Cela m’a permis de réaliser récemment une nouvelle gamme de mobilier avec zéro récup’. La couleur est traitée au même tire que la matière. Cela me pousse à aller plus loin.

Ne plus chercher à prouver quoi que ce soit, mais simplement s’écouter et faire ce qu’on a envie

De quelle façon ?

Avant je travaillais avec ce qu’on appelle des matières premières secondaires, en l’occurrence des fûts de pétroles que je recyclais. J’étais limité par leur format et leurs teintes d’origine qui sont les couleurs primaires. Aujourd’hui, je me suis libérée de cette contrainte, ce qui me permet de concevoir un meuble du début à la fin tel que je le souhaite. J’utilise des couleurs plus fraîches et contemporaines, notamment dans les tons pastels. Je sais à quel point la couleur est déterminante pour que mes meubles puissent exprimer certaines émotions. Je suis plus libre dans ma démarche de création.

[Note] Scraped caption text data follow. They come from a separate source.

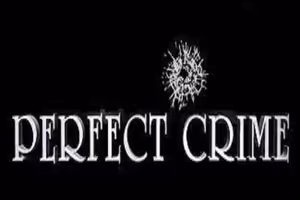 Perfect Crime Broadway Show | Broadway World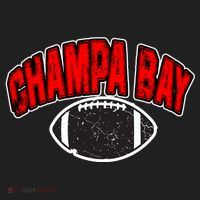 Champa Bay Football Tumbler thumb 3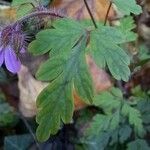 Geranium robertianum Ліст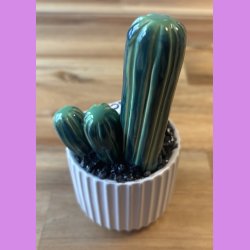 Fucktus 2-farvet - hvid potte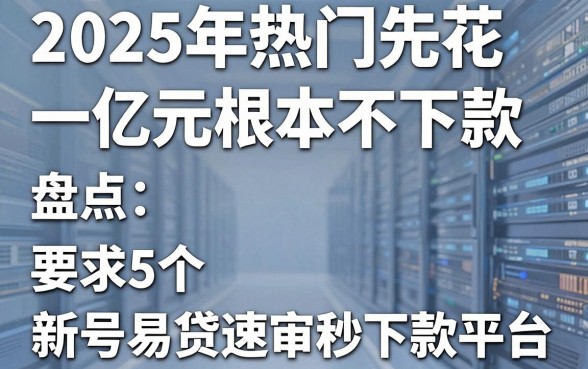 2025年热门先花一亿元根本不下款，盘点5个新号易贷速审秒下款平台
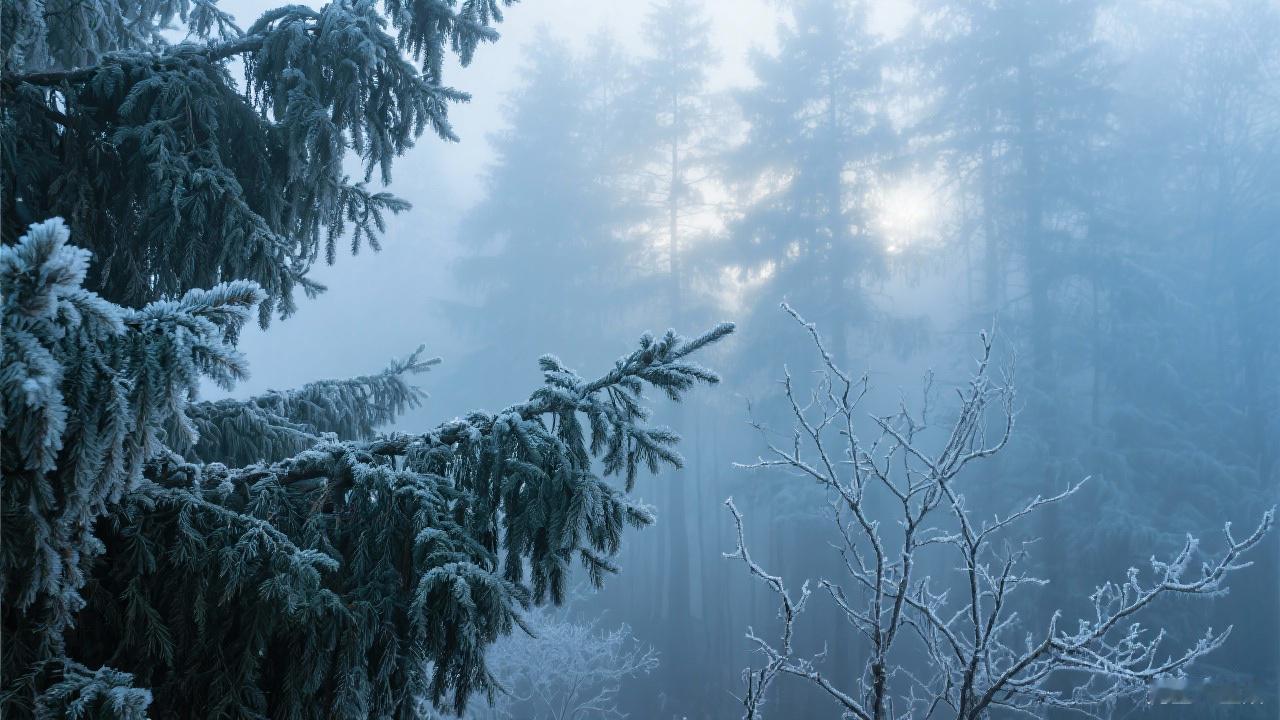 冬日生活打卡季冬日清晨寒霜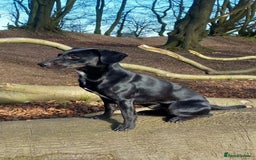Mixed Breed dogs for sale: Labrador x Patterdale Puppies - Image 13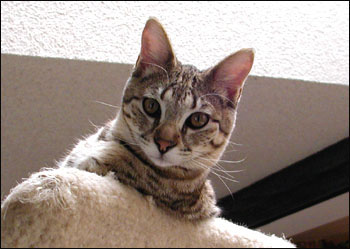 Sandy Spots Savannah Female F2 Kitten at 26 weeks old - her grandfather is a 40 pound African Serval!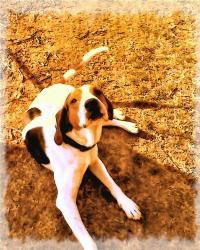 Fallsintodarkness's picture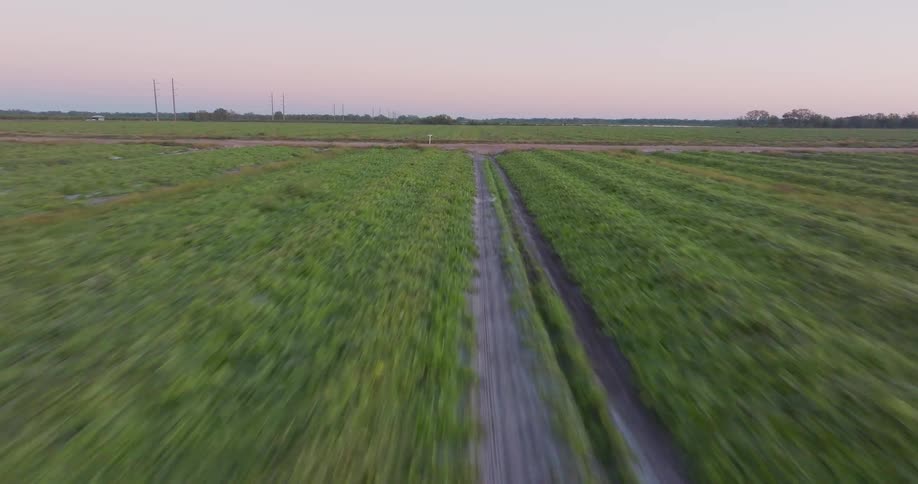 An aerial drone flies low along a dirt path through a vast, green agricultural field during a beautiful sunset
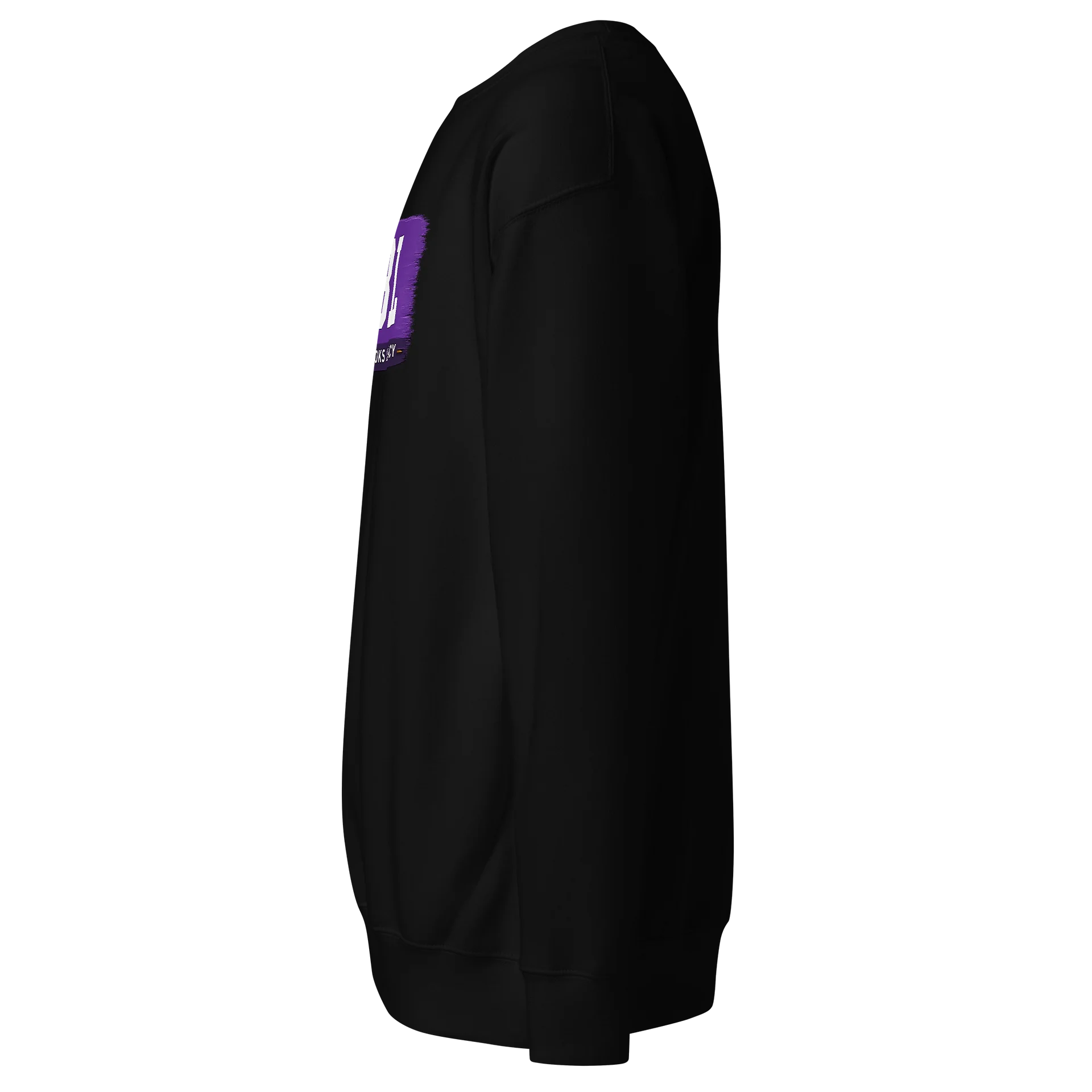 JBL Sweatshirt product image (2)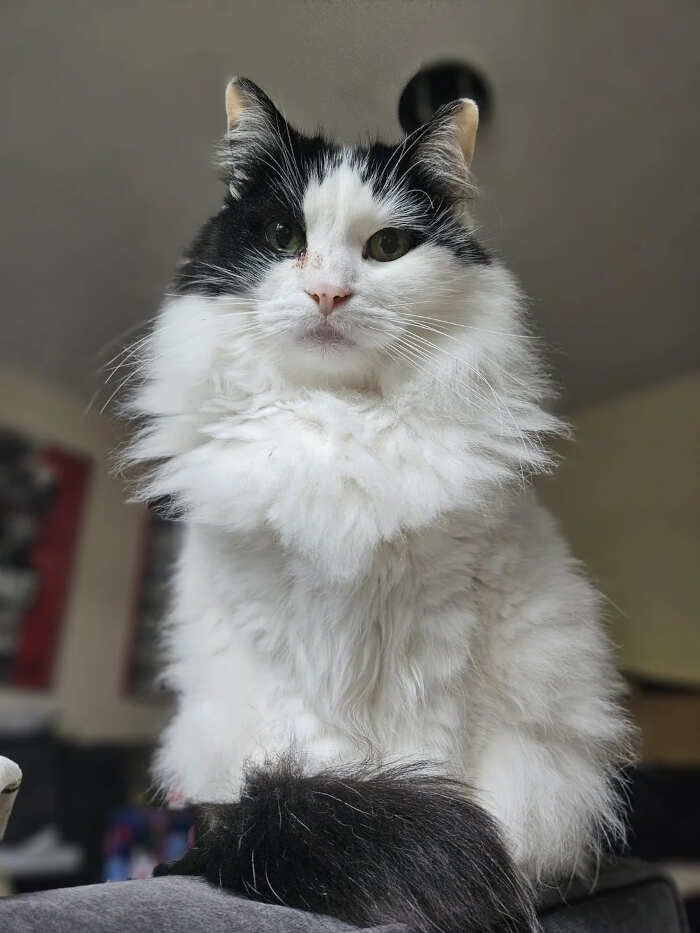 foto gatti pelo lungo soffici foto gatti pelo lungo soffici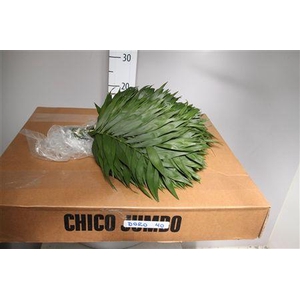 Chico 35cm Doro
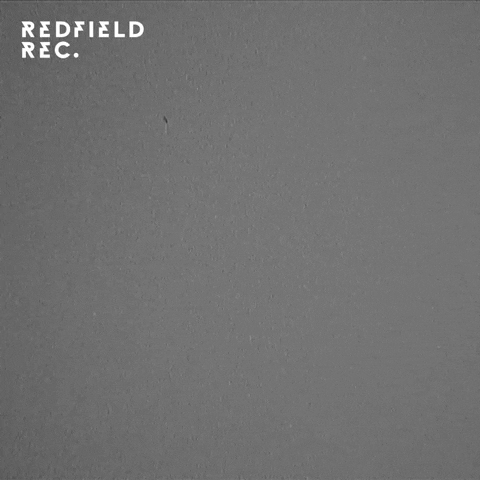 Black And White Smoking GIF by Redfield Records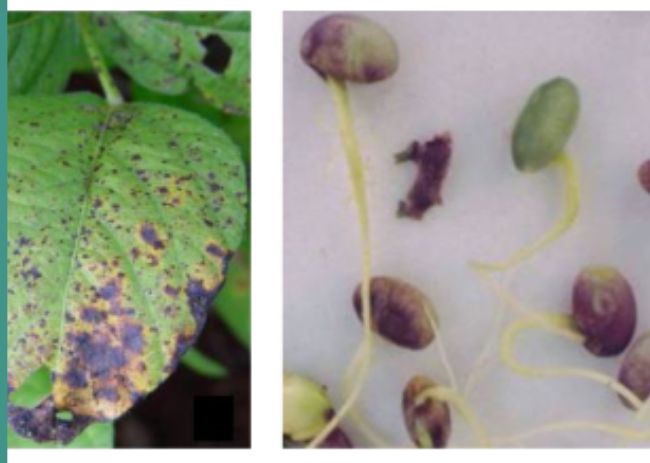Crestamento foliar de cercospora e mancha púrpura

Comment est venu ce changement ?

Le fait de s’accepter. Ne plus chercher à prouver quoi que ce soit, mais simplement s’écouter et faire ce qu’on a envie, c’est cela qui me pousse à avancer. J’ai juste envie de travailler sur des choses que j’aime et de partager mon amour.

Est-il possible de faire des créations destinées au public sans pour autant chercher à lui plaire ?

En premier lieu, je travaille pour moi. Je ne fais que des choses que j’aime. Je suis inspiré par les moments que je passe avec les gens, la sensibilité que je capte, l’énergie, les rencontres, la nature : tout est bon. Mon travail ne peut pas plaire à tout le monde, alors je le fais d’abord pour moi et si les gens réussissent à capter ça : tant mieux !

Comment s’est déclenchée cette nouvelle vision des choses ?

Je pense que c’est la maturité. Le fait de pouvoir s’observer et se dire : voilà, ça c’est moi et je prends tout, le bon comme le mauvais.  Je m’assume tout simplement. Le côté sensible, le côté émotionnel, le côté raffiné, le côté doux, le côté brut, tout ça là, c’est moi ! (sourire) Donc je laisse tous ces sens s’exprimer.

N’y a t-il pas un danger à laisser s’exprimer ses côtés négatifs ?

Dans la créativité, c’est tout cela qui ressort. Les moments de tristesse comme de bonheur sont transposés dans le travail pour en faire quelque chose de positif. C’est une sorte d’échappatoire dans le but de générer du bonheur. Les gens qui le reçoivent doivent être touchés, ça doit leur faire du bien.

Même la colère peut faire du bien ?

Bien sûr, une fois que c’est posé il n’y a plus de colère. La colère est toujours animée par une incompréhension. Et puis, il n’y a pas que des mauvaises colères, certaines sont légitimes.

On sent en vous de la sérénité ?

Beaucoup de sérénité et de douceur. Je ne suis plus combatif. Je ne perds plus d’énergie et je ne m’oblige plus à rien. Je ne m’entoure que de gens avec des ondes positives. Je ne perds plus de temps. Je me fais plaisir.